I’m revolted by that man. Sure, let’s give him a golf clap for doing his job in certifying the electors and not getting involved in sedition on the day that gallows were built outside of the building he was hunkered down in, and shouts of “Hang Mike Pence” echoed through the halls. But there is nothing heroic about him. He’s a buffoon. An empty suit. A sanctimonious jerk.
I get why TFG was attracted to him. I remember a profile early in the T presidency (a/k/a “The Nightmare”) in which Pence walked into the room where T was talking to the reporter and he said something like “Look at this guy … straight out of central casting.”
Pence’s “brand” is to appear statesmanlike. He’s handsome, with that silver mane and “sincere” squint.

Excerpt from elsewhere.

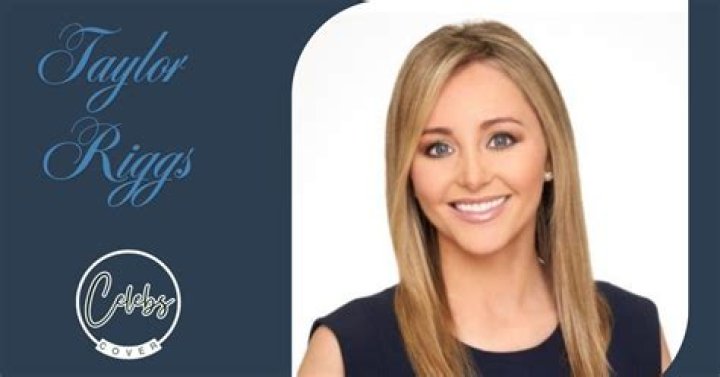 Taylor Riggs Height, Weight, Net Worth, Age, Birthday, Wikipedia, Who, Instagram, Biography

And the affected cadence in his manner of speech seems designed to project confidence and competence.
I think he thinks he’s the second coming of Reagan. What a phony. Thinking of him while reading your post, the word “pusillanimous” popped into my head, and I had to look it up because I wasn’t even sure what it meant. But yeah, that holds up.
I may have lost it in the fog of this past Era, but I don't think I had any idea that Newt Gingrich was in SERIOUS contention for VP until now. Christie, yes, but not Gingrich. How much MORE horrifying would Trump's administration have been with Newt Gingrich as VP? OMG!! I now want to curl up in a fetal position and sleep the rest of the day.